A couple of years later, he started an affair with a woman named Beverly, and he and Janice split up. Bobby and Beverly lived together for a few years, then they married. They did really well until Beverly transferred with the phone company to Dallas, leaving Bobby in Texarkana. They were supposed to be with each other every weekend, but Bobby’s screwed-up life got him in big trouble with women again. They split up too, but became friends after she got over all the hurt. He went to see her about a week before he died.

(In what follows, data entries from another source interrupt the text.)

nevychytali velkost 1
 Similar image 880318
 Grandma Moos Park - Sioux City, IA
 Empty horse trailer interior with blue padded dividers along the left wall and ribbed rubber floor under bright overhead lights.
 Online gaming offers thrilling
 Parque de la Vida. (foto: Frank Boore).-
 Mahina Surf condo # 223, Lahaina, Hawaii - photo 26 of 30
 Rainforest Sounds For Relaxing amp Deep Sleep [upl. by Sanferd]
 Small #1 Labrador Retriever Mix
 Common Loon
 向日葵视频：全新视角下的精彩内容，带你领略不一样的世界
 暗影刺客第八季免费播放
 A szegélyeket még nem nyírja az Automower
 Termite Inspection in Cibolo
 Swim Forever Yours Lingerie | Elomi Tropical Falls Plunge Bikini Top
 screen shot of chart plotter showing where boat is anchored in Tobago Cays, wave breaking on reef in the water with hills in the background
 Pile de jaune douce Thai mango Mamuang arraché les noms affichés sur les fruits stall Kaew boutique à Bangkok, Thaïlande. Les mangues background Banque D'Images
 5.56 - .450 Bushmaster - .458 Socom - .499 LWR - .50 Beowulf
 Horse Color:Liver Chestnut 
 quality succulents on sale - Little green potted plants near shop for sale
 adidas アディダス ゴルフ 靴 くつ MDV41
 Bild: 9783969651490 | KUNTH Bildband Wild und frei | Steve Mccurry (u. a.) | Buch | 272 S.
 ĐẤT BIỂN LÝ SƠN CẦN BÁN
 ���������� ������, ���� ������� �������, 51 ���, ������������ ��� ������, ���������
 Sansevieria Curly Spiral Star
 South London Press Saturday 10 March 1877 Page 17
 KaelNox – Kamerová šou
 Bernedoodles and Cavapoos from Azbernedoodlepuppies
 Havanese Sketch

My son had horrible nightmares almost every night after he returned from Guyana. Both of his wives told me about how he would scream in the middle of the night because of all the lost loved ones. I knew that they meant. I too had heard him crying in the night because of all the tragedies he had been through.

Bobby had two brain tumors removed in the 80’s. He was in such horrible pain most of the time, which was why he was so badly hooked on drugs. Towards the end he hobbled all the time. Beverly told me that Bobby got fired from his job in sales at the TV station because he failed the drug test. She practically had to force him to go to work each day as he was so drugged. His drug use is what ended things for everything and everyone who loved him so much.

He had just really started to come to grips with his life by contacting his old friends from the Temple when he died. I hope he had a chance to find the peace in his last months that had eluded him for more than 25 years.